The silhouette score is a measure of how similar an object is to its own cluster (cohesion) compared to other clusters (separation).
is is defined as follows:

$$s(p) = \frac{b(p) - a(p)}{max(a(p), b(p))}$$

where:
* $a(p)$ is the average distance of p to all other points in the *same* cluster
* $b(p)$ is the average distance of p to all other points in the *closest* cluster
* $s(p)$ is the silhouette score of p
* $max(a(p), b(p))$ is the maximum of $a(p)$ and $b(p)$

The silhouette can be interpreted as follows:
* $s(p)$ is between -1 and 1
* $s(p)$ is close to 1 if $a(p) << b(p)$, i.e. the point is well clustered
* $s(p)$ is close to 0 if $a(p) \approx b(p)$, i.e. the point is on the border of the cluster
* $s(p)$ is close to -1 if $a(p) >> b(p)$, i.e. the point is in the wrong cluster

In [None]:
# make kmeans clustering of the original data

n_clusters_arr = np.arange(2, 11)


s_s_arr = [] 
ch_s_arr = []
db_s_arr = []

for n_clusters in tqdm(n_clusters_arr):
    cm = plt.cm.get_cmap('tab20b', n_clusters)
    plt.rcParams['axes.prop_cycle'] = plt.cycler(color=cm.colors)

    kmeans = KMeans(n_clusters=n_clusters, n_init=10, max_iter=500)
    classes = kmeans.fit_predict(x)
    centroids = kmeans.cluster_centers_

    silhouette_values = silhouette_samples(x, classes)

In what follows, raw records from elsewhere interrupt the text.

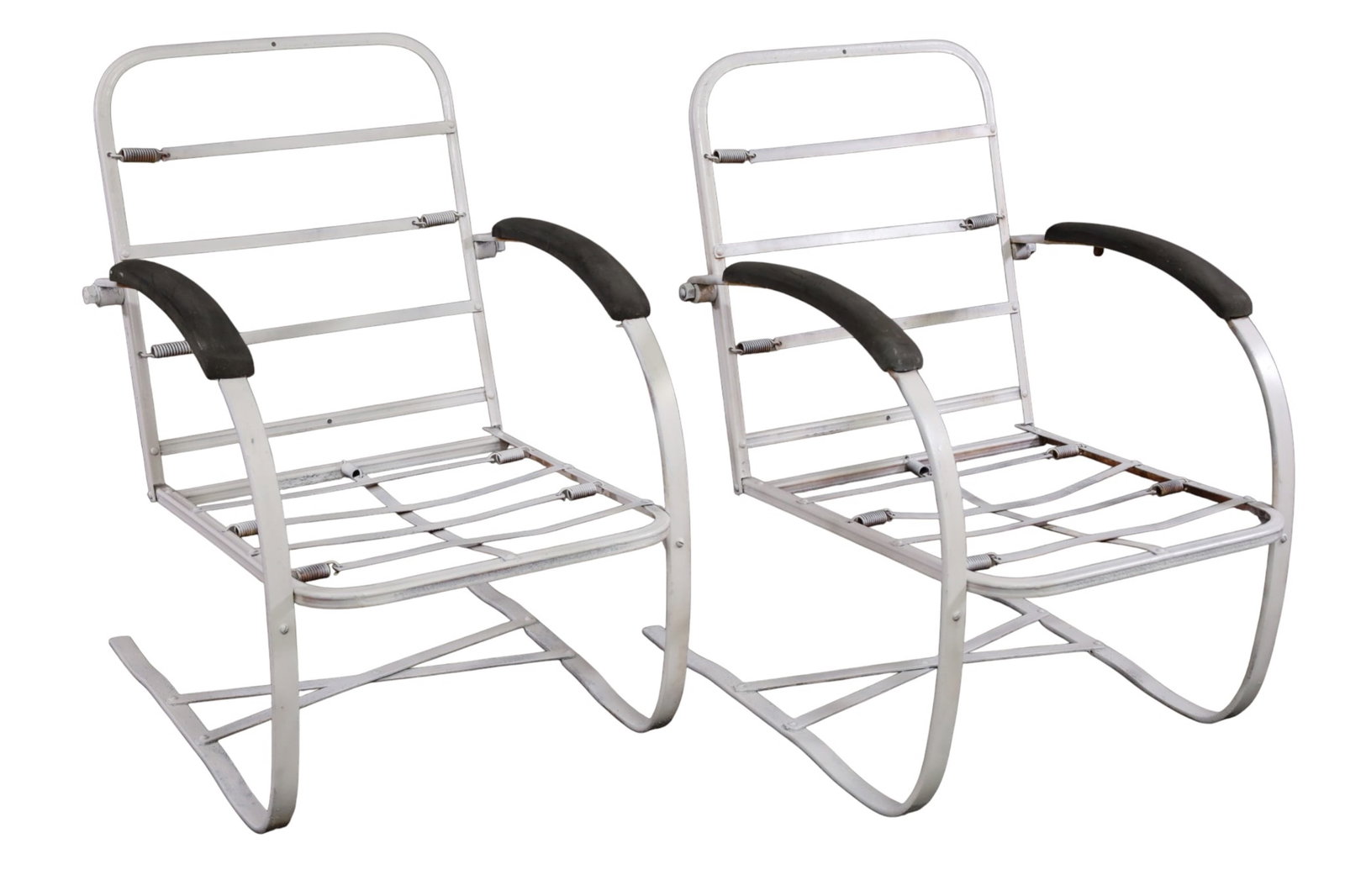 PAIR OF PATIO ROCKERS: PAIR OF VINTAGE PATIO ROCKERS, ATTRIBUTED TO HETTRICK, REPAINTED. 24" W x 25" D x 35" H. THIS ITEM EXCEEDS SIZE LIMITATIONS FOR IN HOUSE SHIPPING, MUST BE PICKED UP IN HOUSE OR SHIPPED VIA 3rd PARTY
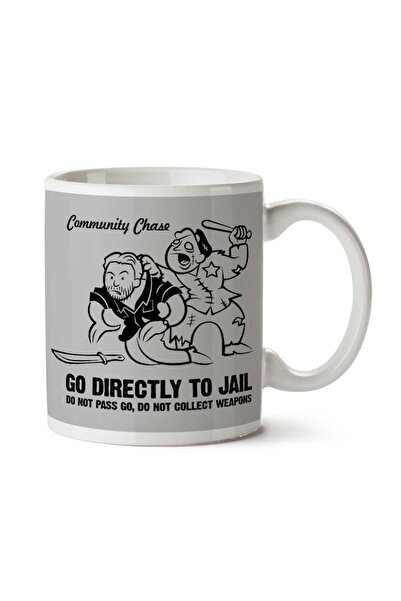 ART HEDİYE Community Chase Zombie Monopoly Two Sided Printed Mug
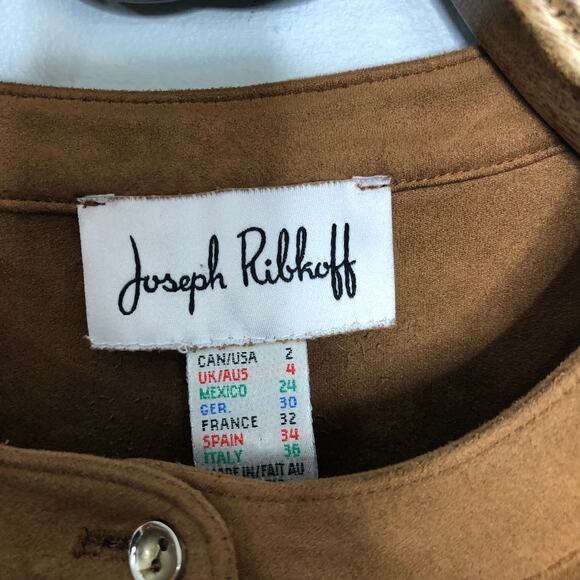 Joseph Ribkoff Faux Suede Snap Button Front Mini Dress Tunic Long Sleeve Tan 2 - Picture 3 of 10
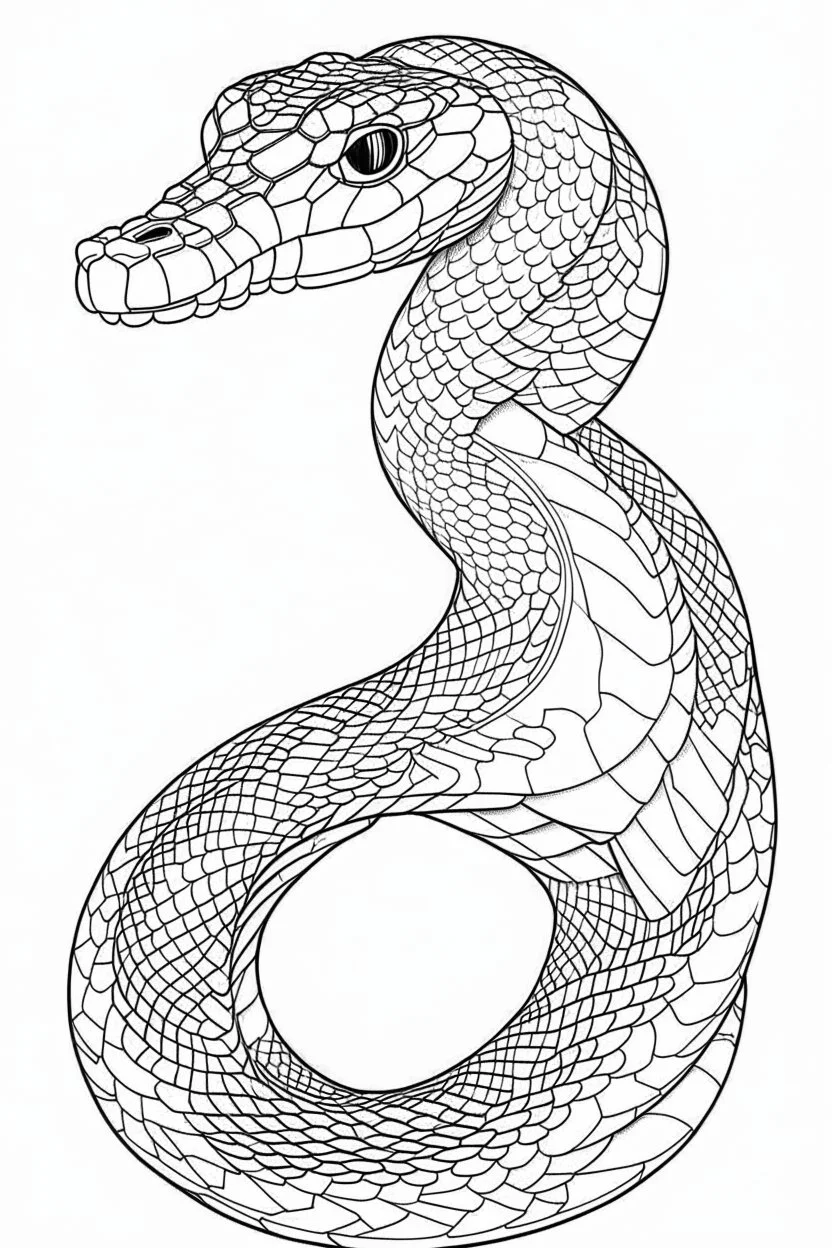 Outline art for coloring page, FUNKY RATTLESNAKE, coloring page, white background, Sketch style, only use outline, clean line art, white background, no shadows, no shading, no color, clear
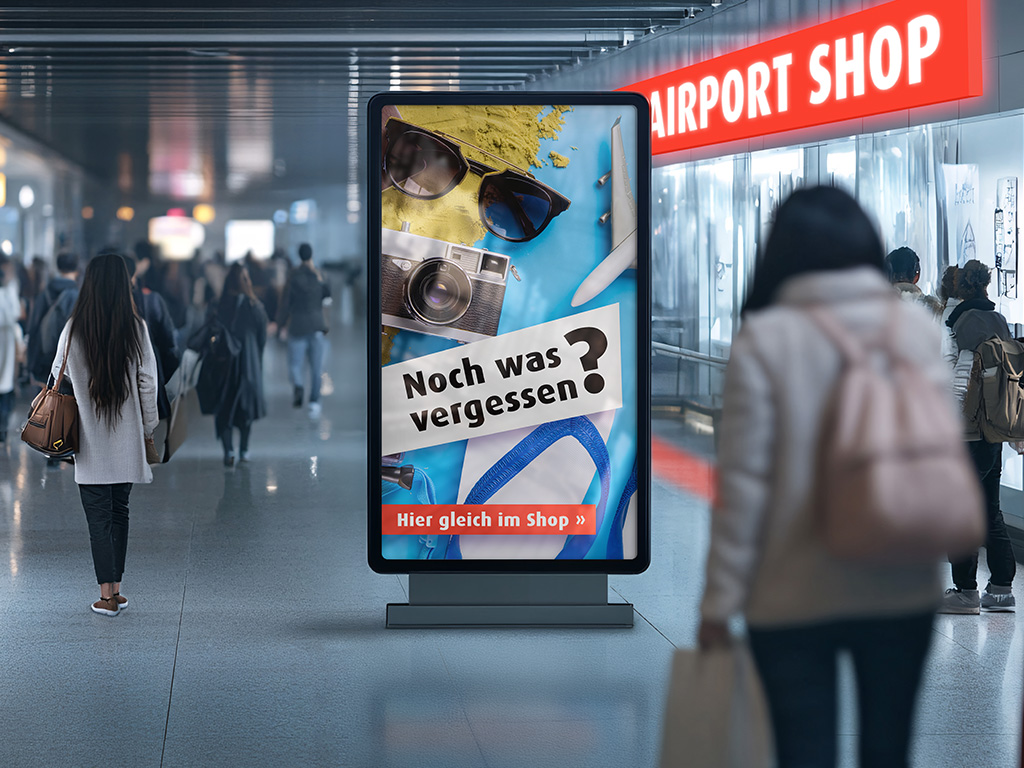 Digital Signage Lösungen von xplace für Duty Free und Travel Shops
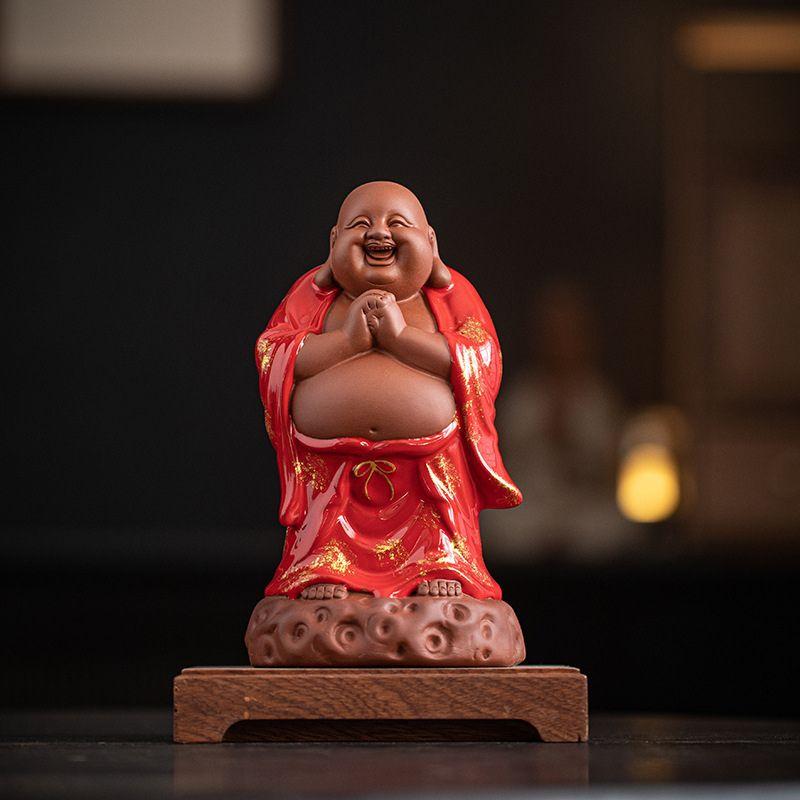 布袋尊 七福神 置物 台座付き 仏像 縁起物 風水 開運招福 商売繁盛 金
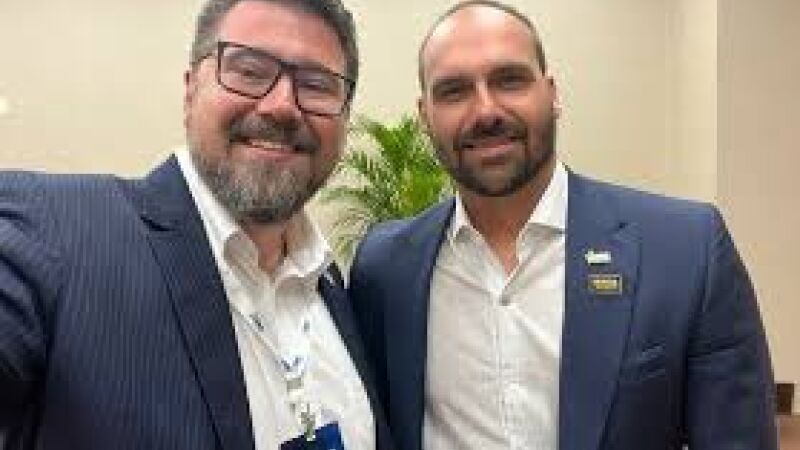 Marcos Pollon e seu maior aliado na política, Eduardo Bolsonaro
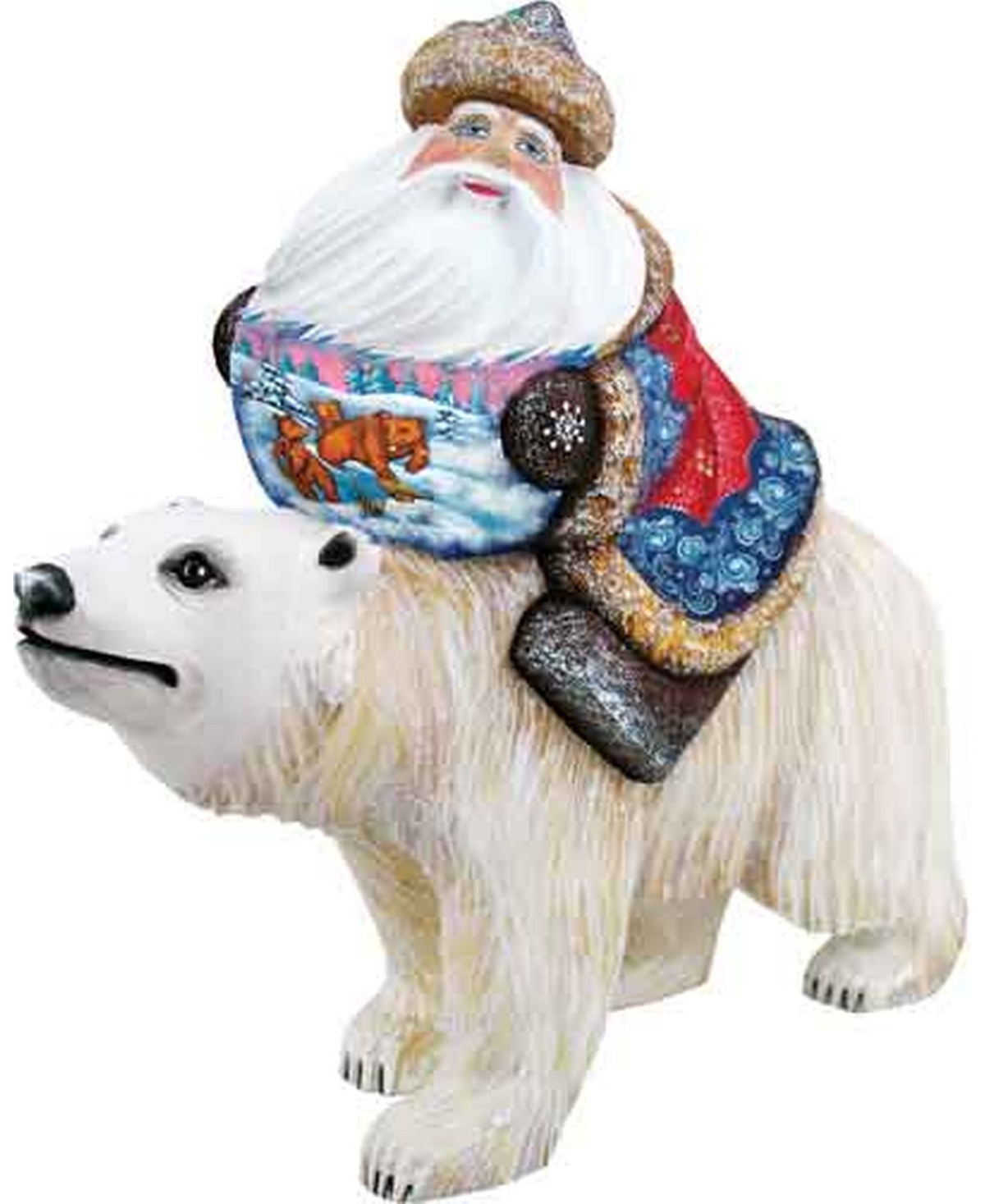 Woodcarved Hand Painted Dr Zhivago Santa Figurine - Multi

    fig, ax = plt.subplots(1,2,figsize=(15,5))

    n_points = len(x)
    cluster_y_min = 0
    ofs = int(n_points / 20)
    for cluster_idx, cluster_class in enumerate(np.unique(classes)):
        cluster_silhouette_values = silhouette_values[classes == cluster_class]
        cluster_silhouette_values.sort()

        cluster_size = len(cluster_silhouette_values)
        cluster_y_max = cluster_y_min + cluster_size

        ax[0].barh(range(cluster_y_min, cluster_y_max), cluster_silhouette_values, height=1.0, linewidth=0)
        ax[0].text(-0.05, (cluster_y_min + cluster_y_max) / 2, str(cluster_idx), ha='center', va='center')
        cluster_mean_score = np.mean(cluster_silhouette_values)
        ax[0].text(0.1, (cluster_y_min + cluster_y_max) / 2, f'{cluster_mean_score:.3f}', ha='center', va='center')

        cluster_y_min = cluster_y_max + ofs

    mean_score = np.mean(silhouette_values)
    ax[0].axvline(x=mean_score, color='red', linestyle='--')
    ax[0].set_title(f'Silhouette score')
    ax[0].set_xlabel('Silhouette score')
    ax[0].set_ylabel('Sample/Cluster')
    ax[0].set_yticks([])
    ax[0].set_xlim([-0.1, 1])


    # plot the centroids and 2D scatter plot of the umap_2d data
    ax[1].scatter(x_umap_2d[:, 0], x_umap_2d[:, 1], c=classes, alpha=0.1, cmap=cm)
    # get centroids in umap space
    centroids_umap = umap_2d.transform(centroids)
    ax[1].scatter(centroids_umap[:, 0], centroids_umap[:, 1], c='red', s=100, marker='x')
    ax[1].set_title('Scatter plot of the UMAPed data with centroids')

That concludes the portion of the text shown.